What is you opinion of the third person limited perspective in a novel?


----------



## Ilasir Maroa (Aug 8, 2010)

A very common one, and just as enjoyable as any other.  I'm not sure what else to say without some context.


----------



## ArcThomas (Aug 8, 2010)

I am disagreeing.
Third person has no limitations. It is liek taking on the perspective of a higher being;
You know all they know; See all they see; and can go wherever.
The difference there is with third person you can extend inot the location, minds, and plots circumferencing and even distinctly separate from the protagonists.


----------



## badjoke (Aug 8, 2010)

It's as good as any other POV, in my opinion. What the best point of view to use is, however, depends on each individual book.



ArcThomas said:


> I am disagreeing.
> Third person has no limitations. It is liek taking on the perspective of a higher being;
> You know all they know; See all they see; and can go wherever.
> The difference there is with third person you can extend inot the location, minds, and plots circumferencing and even distinctly separate from the protagonists.

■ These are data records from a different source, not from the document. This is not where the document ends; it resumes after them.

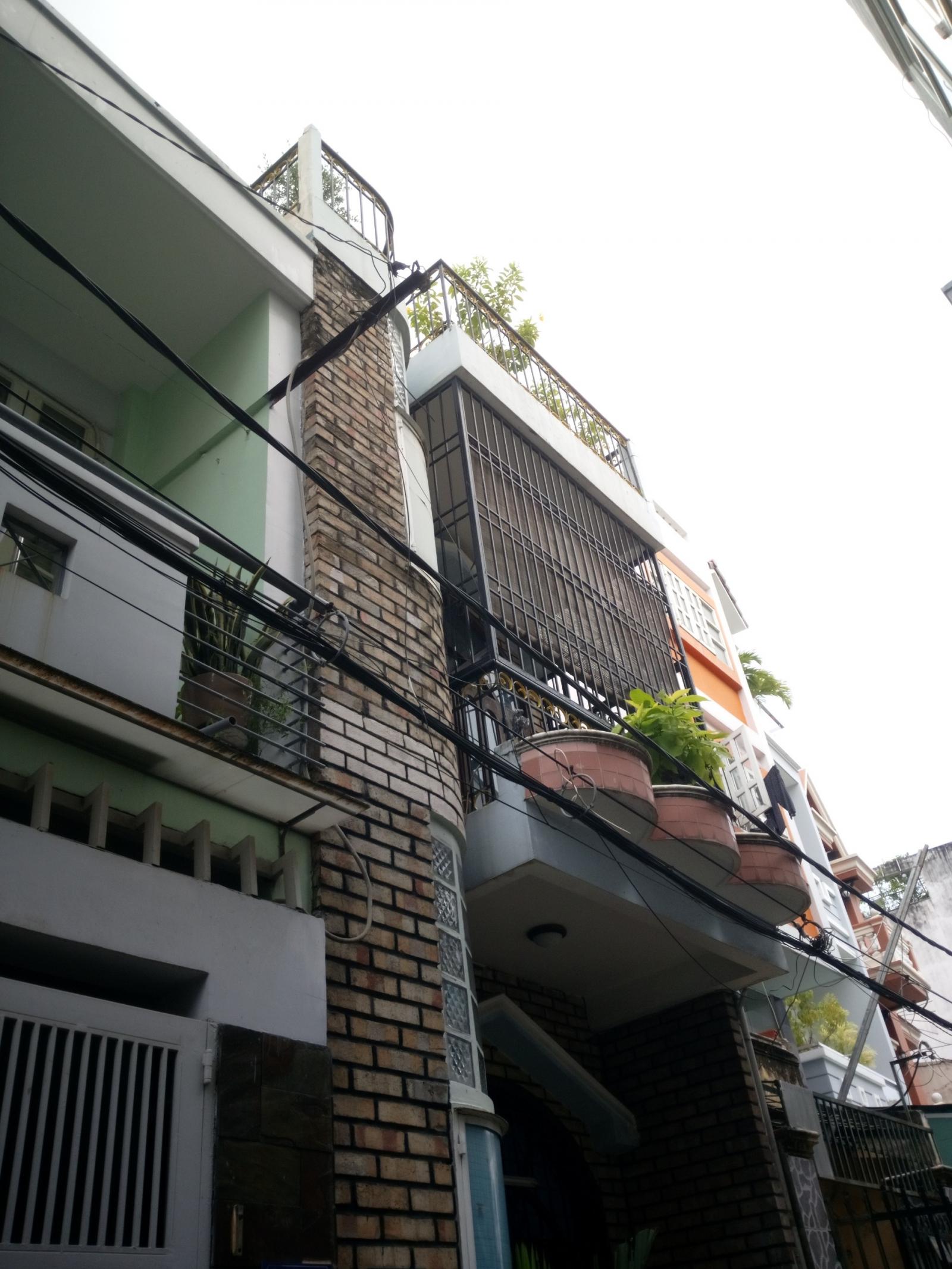 Bán nhà HXH Phạm Văn Chiêu, P9, GV, DT: 4.5x16 M (CN: 72 m2), 2 lầu, giá: 5,5 tỷ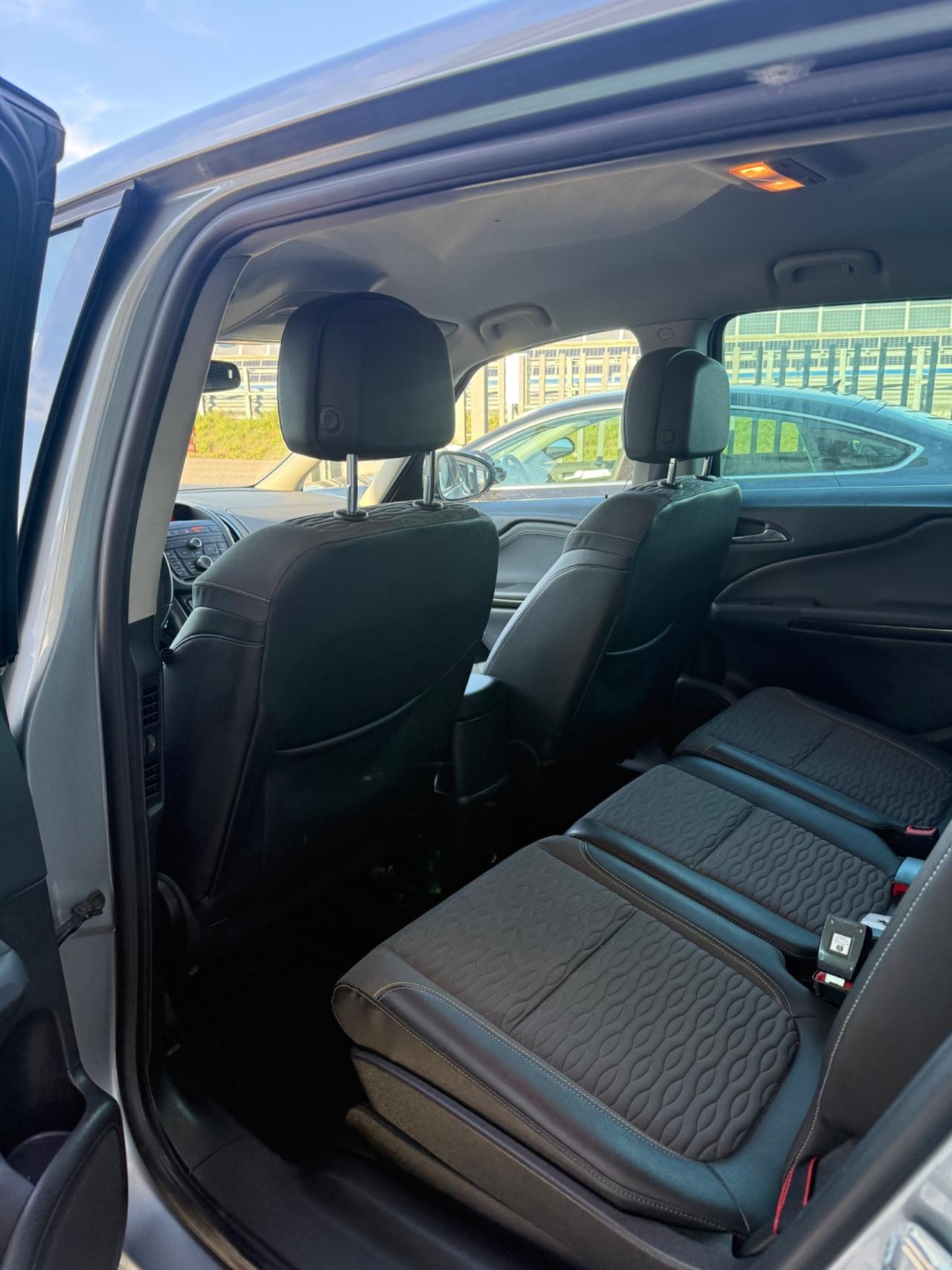 7 POSTI Opel Zafira Tourer 1.6 Turbo EcoM 150CV Cosmo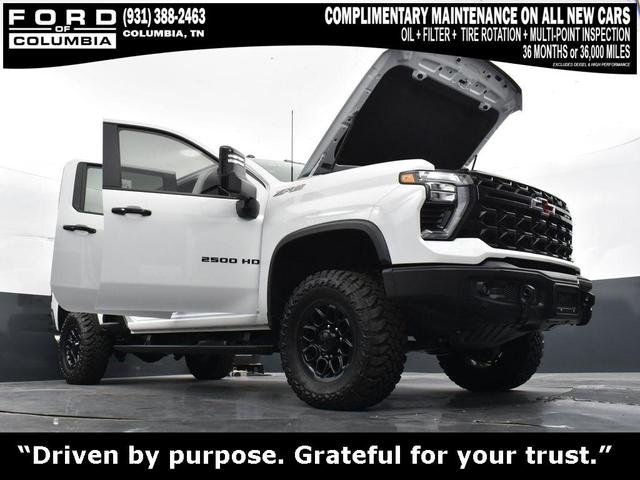Photo of 2025 Summit White Chevrolet Silverado 2500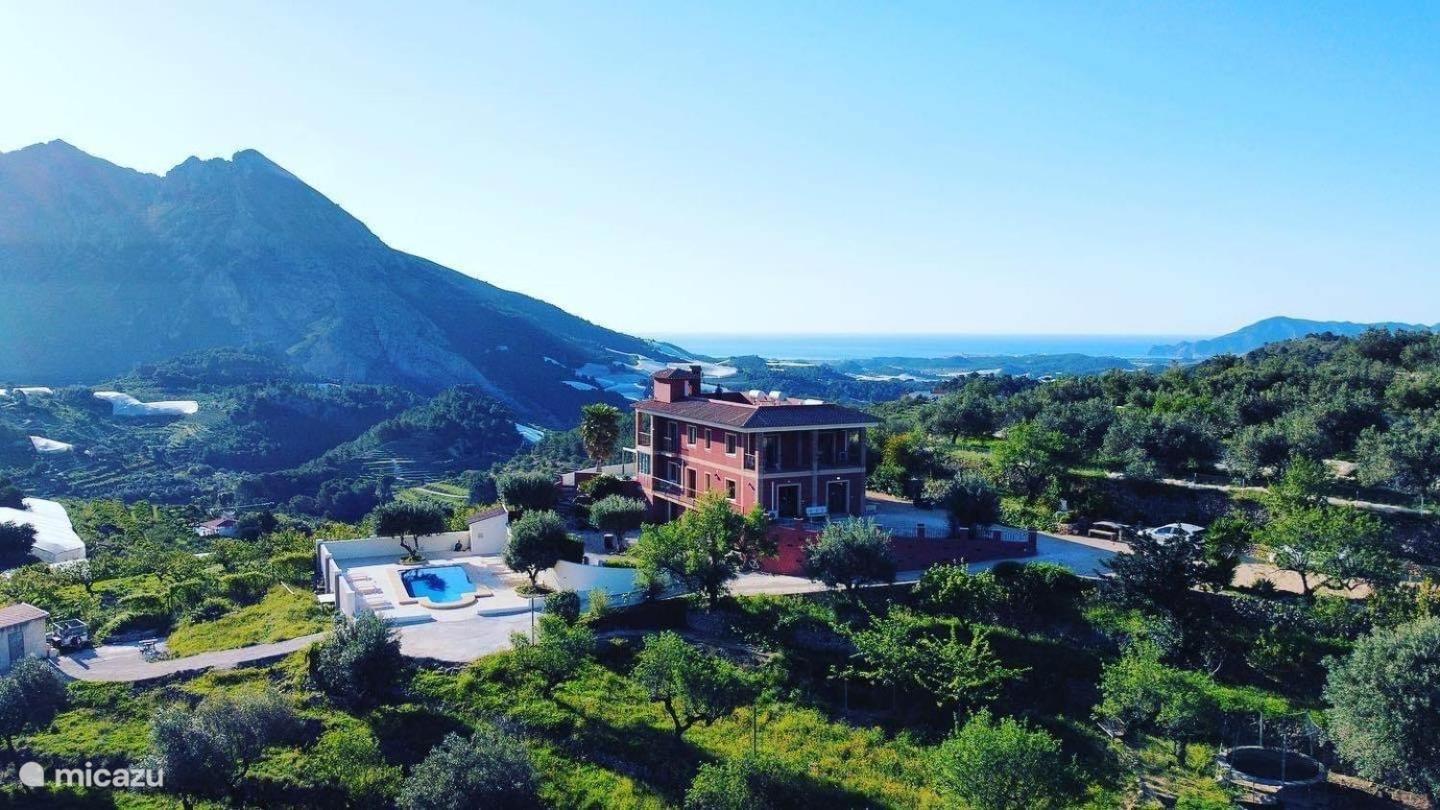 Finca Oliva Bolulla Екстериор снимка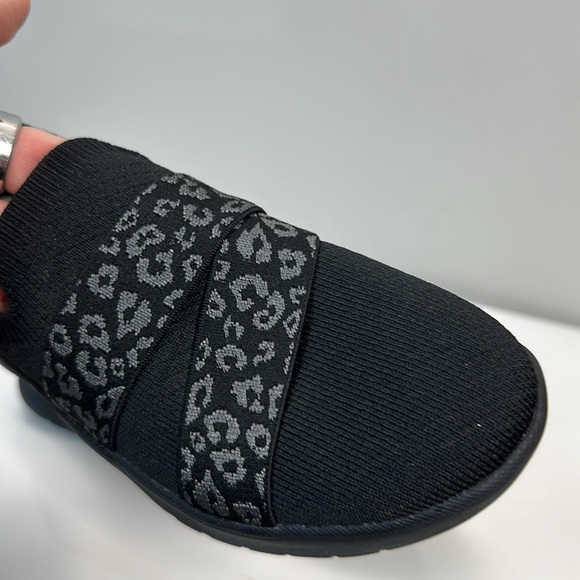 Clarks Cloudsteppers Adella Stride Black Leopard Print Loafers Size 7 - Picture 15 of 15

Not in the case of the third person *limited*.


----------



## Dewgee (Aug 8, 2010)

What I like about it is that it sort of combines the first person and third person. I see the first person narrative as more of a long dialogue and nothing more between the main character and the reader. It's cool in it's own way. It really forces the reader to be a sort of detective. And it allows the story be ungrounded and as far detached from reality as you want. I like those qualities of it but I think the limited gives you an extra dimension without giving all that stuff up as you would with the omniscient pov. It supplies an extra voice that's not just the main characters that can take you out of his/her head. It's sort of the subjective-objective argument. I tend to favor the subjective pov because I think it comes out more interesting a lot of times, but it's nice to have that voice there to ground you back to reality when need be. Anyways I wasn't writing for any particulars answers or anything, just thought I get some opinions on it. I'm about 50 pages or so in on a story I'm writing right now, and unlike the others I've started and never finished I find this perspective works and keeps me interested in writing it. Also what do you think about a story that starts off in the middle? I mean where half the story Is flashbacks... whole chapters of flashbacks, and the the present in other chapters? Can this get too confusing for the readers, or do you know some stories where its worked out well?


----------



## Sam (Aug 8, 2010)

Of course third-person can have limitations. You're thinking of third-person omniscient, Thomas. 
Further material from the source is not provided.